Cuando bañábamos las tardes en té de frutas y vino caliente. Aquellos días en que escribió su primera novela, y nos hicimos fotos junto a los papeles, escondidos todos de la nieve, en aquel cuarto estrecho que yo heredé, en el invierno de 2002, sobre el diván que destrozó mi espalda.
Quería recordar las tardes en las que nuestra única diversión era ir al supermercado en las bicicletas, cruzar el río, comer pan negro, respirar.
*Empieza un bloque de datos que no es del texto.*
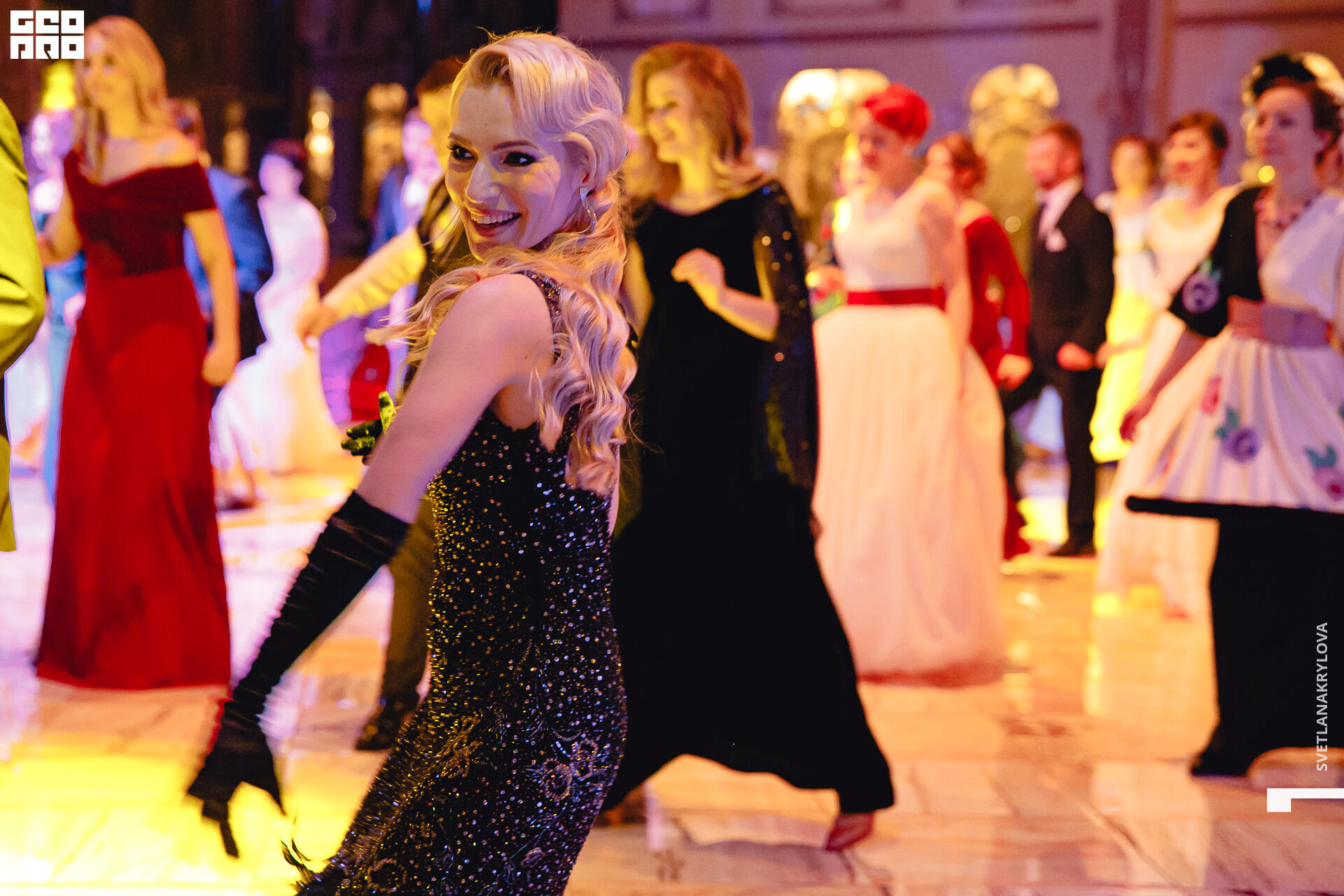 2020-02-23 19-00-00 Krylova_185.jpg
La lluvia tras las inmensas ventanas del centro, el tic-tac de los dedos sobe el teclado, la botella a medias, las cartas que llegaban desde Madrid llenas de frases de las que, por suerte, nos hemos ido deshaciendo.
Aquella vuelta del sur con mi padre en la furgoneta, en la noche oscura del bosque alemán, contándonos sus primeros tiempos.
Mo ha tenido una hija que tiene sus ojos y vive en la casa donde nació su abuelo, en esta misma ciudad. Nos hemos perdido cosas importantes, algunas heridas. Pero no hace falta preguntarse dónde hemos estado. Porque volvimos a sentarnos a cada lado de una mesa de cocina y hemos hecho terribles planes de futuro.
Fui a ver a Mo porque quería recordar cómo me reía.